Ahh bless well done mummy is it normal for them to have this many and can they feed them ok. How many nipples do the females have . Congrats


----------



## sjreilly72 (Jan 8, 2009)

Congrats on your new HUGE family:lol:
Cant wait to see them grow.


----------



## wiccan (May 1, 2008)

lol i have been lookin @ ur website 4 updates on pagan girl shes my fave maybe when shes old enough to have a litter we wil have room 4 a kitten lol


----------



## LousKoonz (Feb 9, 2008)

sullivan said:


> Ahh bless well done mummy is it normal for them to have this many and can they feed them ok.

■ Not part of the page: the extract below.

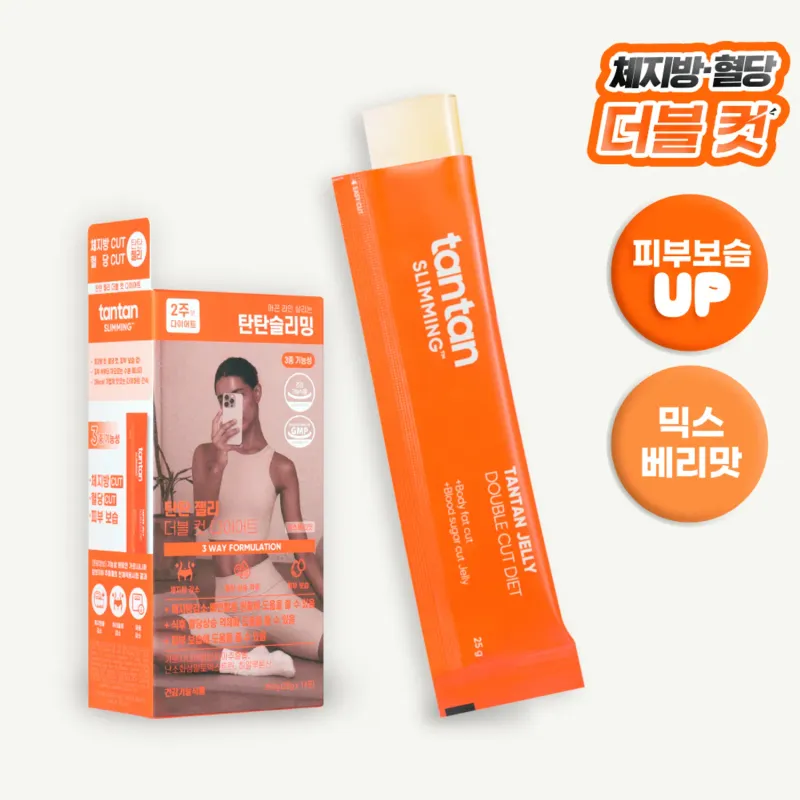 diet stick +tumbler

How many nipples do the females have . Congrats


It's very common with euro lines in the coonie world, i know of a couple of girls who produce up to 11 kittens, sadly usually not all of them make it though x

8 nipples, 9 kittens - Lou = surrogate mother :lol: x

Thanks all x

gained some weight already so that's good  x


----------



## LousKoonz (Feb 9, 2008)

wiccan said:


> lol i have been lookin @ ur website 4 updates on pagan girl shes my fave maybe when shes old enough to have a litter we wil have room 4 a kitten lol


aw hun, she went as pet in the end, she had a slight unbilical hernia from being tied to her bro's by placenta's (mum doesn't like doing that herself and she popped them without me knowing) i just didn't want to risk it and found her a wonderful home not far from here x

Her owner is just waiting for her hair to grow back after spay then i'm due new photo's xx

I plan on trying to keep another blue girl from one of my own litters, so i'm going to be optioning any blue girls i have until the right one pops up lol x


----------



## pettpaintings (Dec 18, 2008)

Aww what a gorgeous mixture in that huge litter~ congratulations and well done Mum xx looking forward to some piccy's


----------



## janet001 (Apr 30, 2008)

*Congratulations :thumbup1:*


----------



## Taylorbaby (Jan 10, 2009)

ill pm you :001_wub:


----------



## LousKoonz (Feb 9, 2008)

LOL, yes i saw...twice :lol: xx


----------



## DKDREAM (Sep 15, 2008)

Congratulations on the babies sorry i wasnt ignoring you I just didnt see the thread till now, They look superb as always.


----------



## LousKoonz (Feb 9, 2008)

LOL it's ok hun, don't worry x

Thanks  xx


----------



## DKDREAM (Sep 15, 2008)

i really enjoy looking at your pics and the kittens growing up.


----------



## LousKoonz (Feb 9, 2008)

DKDREAM said:


> i really enjoy looking at your pics and the kittens growing up.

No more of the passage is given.